Laporan Wartawan TribunBengkulu.com, M Rizki Wahyudi

TRIBUNBENGKULU.COM, REJANG LEBONG – Kebakaran melanda dua rumah semi permanen di Kelurahan Pasar Padang Ulak Tanding (PUT), Kecamatan Padang Ulak Tanding, pada Rabu (1/7/2026) malam.

Peristiwa tersebut menghanguskan satu rumah milik Rini (35) dan merusak sebagian rumah milik Aping (45) yang berada tepat di sampingnya. Diduga, sumber api awalnya berasal dari korsleting arus listrik. 

Kepala Dinas Pemadam Kebakaran (Disdamkar) Rejang Lebong, Andy Ferdian mengatakan, pihaknya menerima laporan dari masyarakat dan langsung mengerahkan petugas ke lokasi.

Untuk memadamkan api, ada empat unit mobil pemadam yang diturunkan.

"Yakni dari Pos Binduriang, Pos Padang Ulak Tanding, Batalyon TP, serta mendapat bantuan armada dari Pemadam Kebakaran Kota Lubuk Linggau,"sampai Andy saat dikonfirmasi TribunBengkulu.com pada Kamis (2/7/2026).

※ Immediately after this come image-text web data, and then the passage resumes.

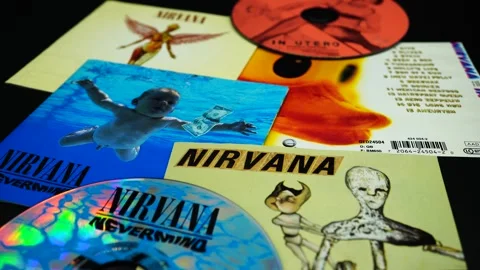Covers of some iconic CDs of the American group, NIRVANA by Kurt Cobain Stock Footage 254202080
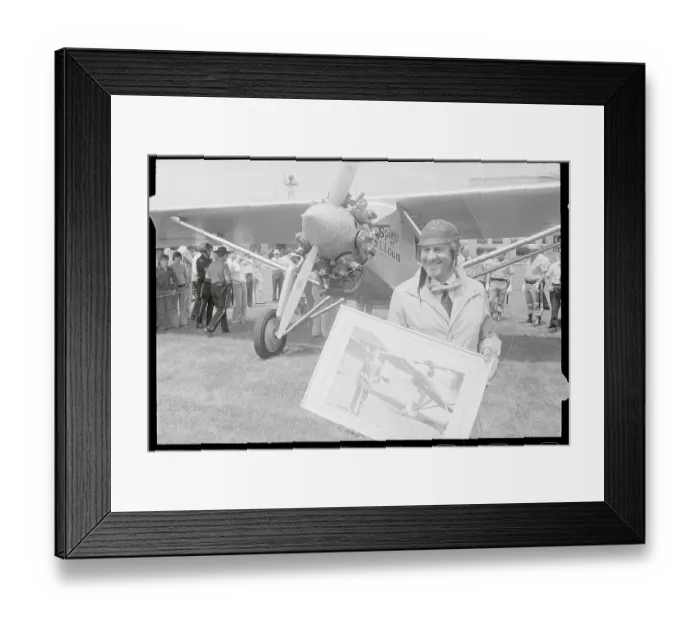 Framed Print : Paul Poberenzy Holding Photograph of Charles A. Lindbergh Framed Print : Paul Poberenzy Holding Photograph of Charles A. Lindbergh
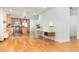 Open floor plan with sleek floors connecting a dining area to the kitchen at 1928 South Blvd, Maitland, FL 32751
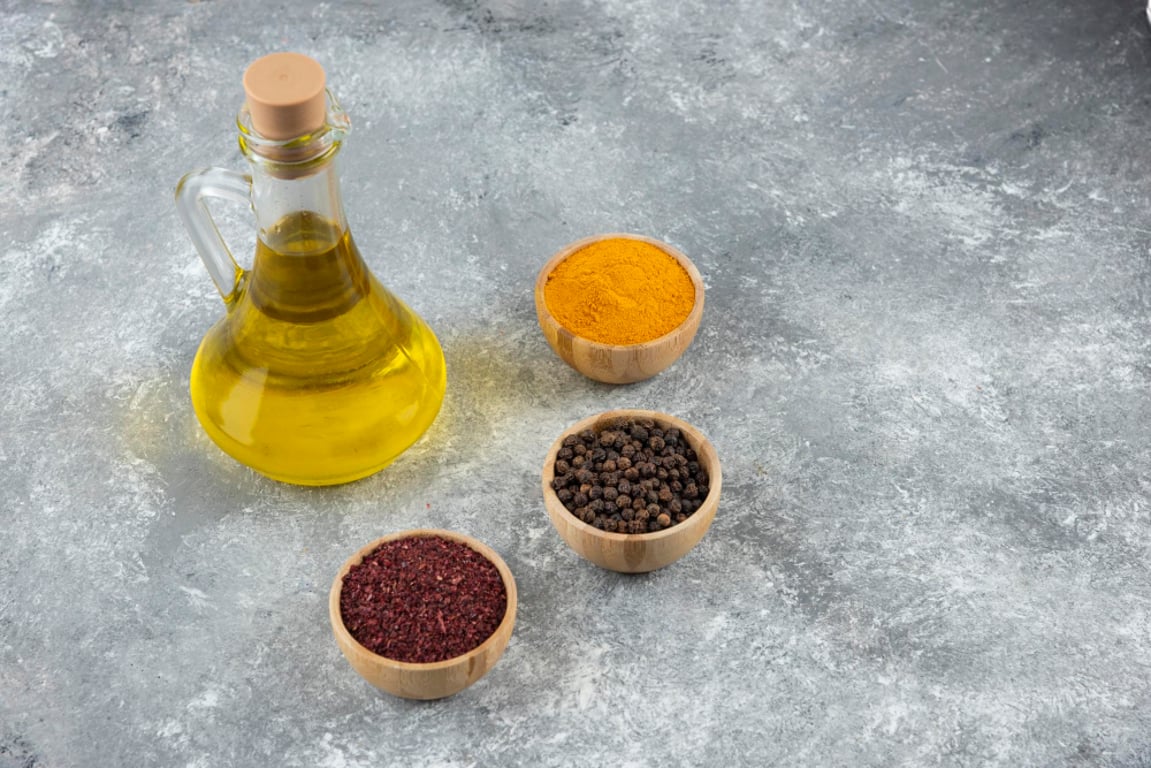Skleněná karafa s hořčičným olejem a tři misky s kořením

Rumah yang terbakar merupakan bangunan semi permanen milik Rini dan Aping yang berprofesi sebagai pedagang. Dalam kejadian tersebut tidak terdapat korban jiwa maupun korban luka.

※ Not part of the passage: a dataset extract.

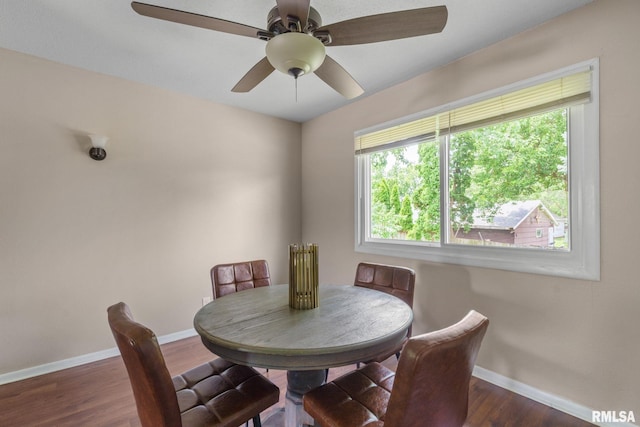5210 N Division St, Davenport, IA 52806 - dining room with dark wood-style flooring and ceiling fan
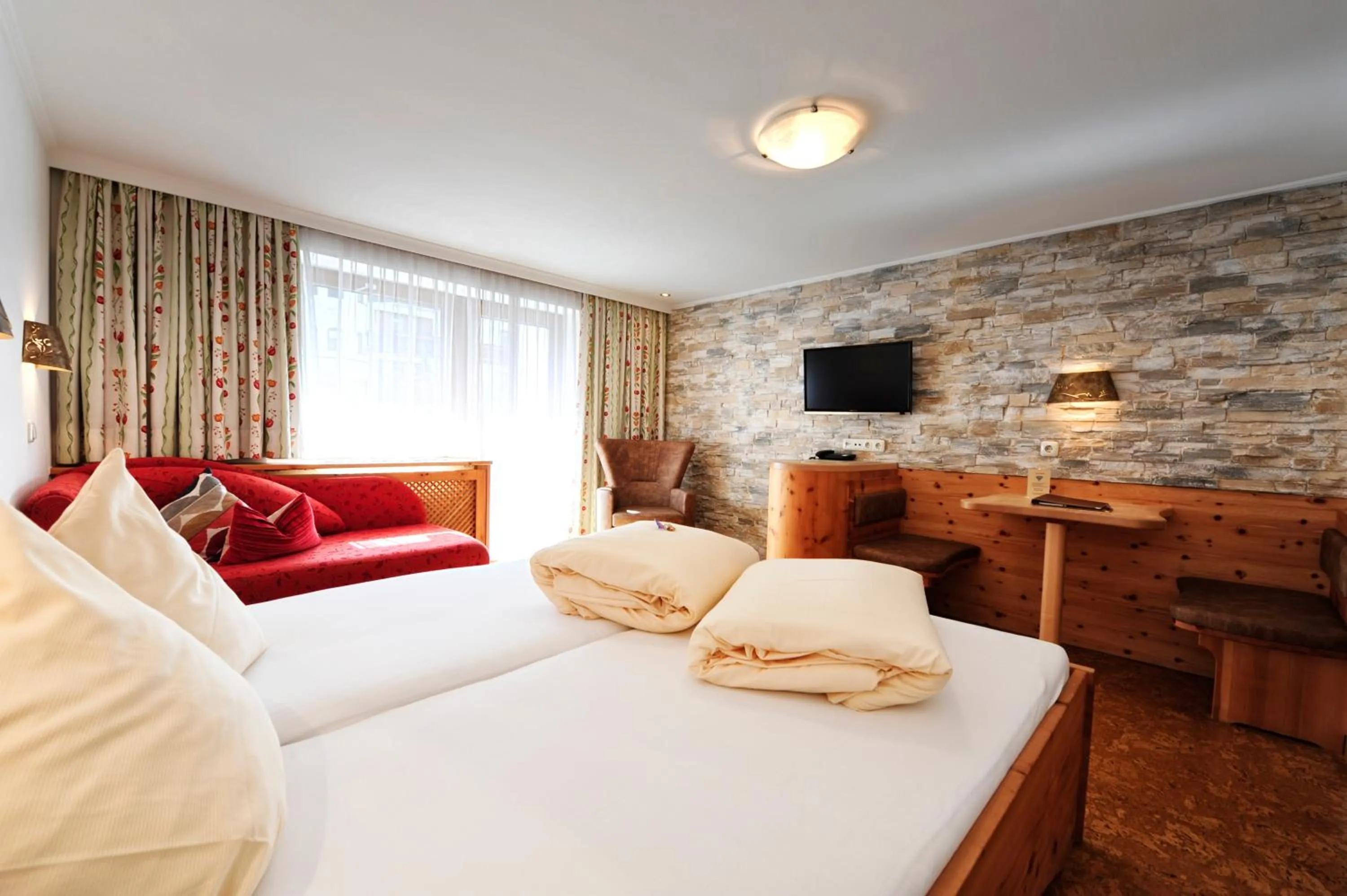 Photo of the whole room, Bed in Hotel Arnika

"Rumah yang ludes milik Rini, api juga menyambar rumah milik Aping sehingga ada rusak sebagian,"lanjut Andy. 

Kronologi Kebakaran

Kapolsek Padang Ulak Tanding, AKP Edi Hermanto Purba menjelaskan, kebakaran pertama kali diketahui oleh pemilik rumah, Rini, saat melihat asap dan kobaran api muncul dari bagian plafon kamar belakang rumahnya.

Melihat kondisi tersebut, Rini langsung memanggil anak-anaknya yang masih berada di dalam rumah untuk segera keluar menyelamatkan diri.

Baca juga: Evakuasi ODGJ di Rejang Lebong Berlangsung Dramatis, Sempat Ngamuk Rusak Motor Rusak-Ancam Petugas

Warga yang mengetahui kejadian itu kemudian berdatangan membantu memadamkan api menggunakan peralatan seadanya sambil menghubungi petugas pemadam kebakaran dan PLN.

"Karena bangunan rumah sebagian besar terbuat dari papan kayu, api dengan cepat membesar dan menjalar ke bagian dapur serta ruang depan rumah. Kobaran api kemudian merambat ke rumah milik Aping yang berada tepat di sebelah lokasi kebakaran,"jelas Kapolsek. 

Api akhirnya berhasil dipadamkan setelah petugas Damkar, personel Polsek Padang Ulak Tanding, TNI, dan masyarakat usai melakukan upaya pemadaman bersama.

Diduga Akibat Korsleting Listrik 

Berdasarkan hasil pemeriksaan awal, penyebab kebakaran diduga berasal dari hubungan arus pendek atau korsleting listrik yang terjadi pada plafon kamar rumah milik Rini.

"Dugaan sementara api berasal dari hubungan arus pendek listrik yang membakar plafon kamar, kemudian menjalar ke bagian lain bangunan rumah,"ungkap Kapolsek. 

Akibat kejadian tersebut, rumah milik Rini hangus terbakar beserta sejumlah barang berharga di dalamnya.

Barang yang dilaporkan terbakar antara lain satu unit sepeda motor Yamaha Mio, emas seberat empat gram, uang tunai sekitar Rp 50 juta, serta berbagai perabot rumah tangga.

Sementara itu, rumah milik Aping mengalami kerusakan pada bagian atap dan sebagian dinding akibat terdampak rambatan api.

Saat kejadian rumah tersebut dalam kondisi kosong sehingga tidak ada barang berharga yang terbakar.

"Total kerugian akibat kebakaran diperkirakan mencapai sekitar Rp 150 juta,"papar Kapolsek. 

Pasca kebakaran, petugas kepolisian membantu mengevakuasi barang-barang milik warga, melakukan pengaturan arus lalu lintas di Jalan Lintas Curup-Lubuk Linggau, berkoordinasi dengan PLN terkait pengamanan jaringan listrik, serta mengumpulkan keterangan dari sejumlah saksi.